Lojas e centros comerciais: nunca se vendeu tanto a estrangeiros

Estrangeiros lideraram compra de espaços comerciais e prédios, que superou 1,9 mil milhões em 2015. Foi o maior valor de sempre

O investimento em imobiliário atingiu o valor recorde de 1,9 mil milhões de euros em 2015 e desta vez foram os centros comerciais e as lojas de rua os ativos que mais receberam dos investidores.

Segundo uma análise da consultora Cushman & Wakefield, ontem apresentada, 65% dos 1,9 mil milhões de euros foram aplicados a comprar este tipo de infraestrutura. Foi o caso do Fórum Almada e do Fórum Montijo, comprados pelos norte-americanos da Blackstone. Ou dos Dolce Vita Porto, Vila Real e Coimbra, comprados pelo Deut-sche Bank, do Dolce Vita Tejo, comprado pelos espanhóis da Eurofund Investments, ou da loja da Hermès no Chiado, comprada por um fundo português.

O investimento em edifícios de escritórios - que até agora era dos ativos que captavam mais dinheiro - só recebeu em 2015 cerca de 20% dos históricos 1,9 mil milhões de euros. E um dos exemplos de uma dessas operações foi a venda da Torre Ocidente, uma das torres do Colombo, por 70 milhões de euros.

Houve ainda uns 8% do total para a hotelaria, muito por causa do investimento dos tailandeses da Minor nos Tivoli.

Como se percebe pelos exemplos referidos acima, os estrangeiros foram os que mais investiram neste tipo de imobiliário em 2015. Segundo a Cushman, apenas 10% do capital aplicado foi português "e mesmo esse tem muito dinheiro estrangeiro por trás", disse ontem o diretor-geral da ainda Eric Van Leuven.

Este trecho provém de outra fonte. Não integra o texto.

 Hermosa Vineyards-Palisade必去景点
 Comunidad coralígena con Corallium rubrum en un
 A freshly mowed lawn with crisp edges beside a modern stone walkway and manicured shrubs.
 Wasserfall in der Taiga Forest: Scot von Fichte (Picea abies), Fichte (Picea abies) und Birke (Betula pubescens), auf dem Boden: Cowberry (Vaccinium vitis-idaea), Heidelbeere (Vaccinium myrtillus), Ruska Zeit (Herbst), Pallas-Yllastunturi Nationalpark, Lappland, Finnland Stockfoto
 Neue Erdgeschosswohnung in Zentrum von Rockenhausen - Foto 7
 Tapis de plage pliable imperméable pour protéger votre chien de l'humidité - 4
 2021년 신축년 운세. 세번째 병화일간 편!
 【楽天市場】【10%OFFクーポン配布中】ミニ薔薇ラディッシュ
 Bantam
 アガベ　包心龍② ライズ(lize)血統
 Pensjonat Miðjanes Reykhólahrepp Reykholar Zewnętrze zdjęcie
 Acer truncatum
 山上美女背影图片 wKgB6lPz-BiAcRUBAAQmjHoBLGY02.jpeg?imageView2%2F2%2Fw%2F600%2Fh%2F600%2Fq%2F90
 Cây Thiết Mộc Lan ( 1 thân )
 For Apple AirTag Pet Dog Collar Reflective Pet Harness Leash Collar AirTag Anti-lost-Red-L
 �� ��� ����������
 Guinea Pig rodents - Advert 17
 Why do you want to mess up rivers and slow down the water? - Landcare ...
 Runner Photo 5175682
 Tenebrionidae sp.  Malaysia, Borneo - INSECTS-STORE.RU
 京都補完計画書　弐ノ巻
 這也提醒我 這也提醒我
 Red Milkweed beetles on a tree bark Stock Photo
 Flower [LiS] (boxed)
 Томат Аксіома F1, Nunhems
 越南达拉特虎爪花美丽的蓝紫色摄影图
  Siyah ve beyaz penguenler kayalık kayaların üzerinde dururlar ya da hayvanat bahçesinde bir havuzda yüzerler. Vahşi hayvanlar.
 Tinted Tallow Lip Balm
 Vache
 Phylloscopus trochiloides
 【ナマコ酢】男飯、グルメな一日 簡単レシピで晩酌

E nos estrangeiros foram os americanos que estiveram mais ativos em 2015.

Rendas das lojas sobem

Ao contrário do que se podia pensar, devido à crise económica que afetou Portugal nos últimos anos, o interesse dos investidores estrangeiros no país não está relacionado com o facto de os edifícios estarem à venda com algum tipo de desconto. De acordo com o diretor de investimento da Cushman, Luís Rocha Antunes, o interesse é superior ao que era no passado porque as rendas estão mais altas, logo o retorno é maior e o investimento é recuperado mais depressa.

No Chiado e na Avenida da Liberdade as rendas das lojas têm vindo a subir todos os anos e, se em 2013 se pedia, respetivamente, 90 e 80 euros por metro quadrado e por mês, no ano passado já se pediam 97,5 e 87,5 euros. Até na Rua Augusta, onde ainda há muitas lojas com rendas antigas, se verificou um aumento de dez euros nos valores pedidos, estando agora nos 60 euros por metro quadrado e por mês nas lojas mais recentes.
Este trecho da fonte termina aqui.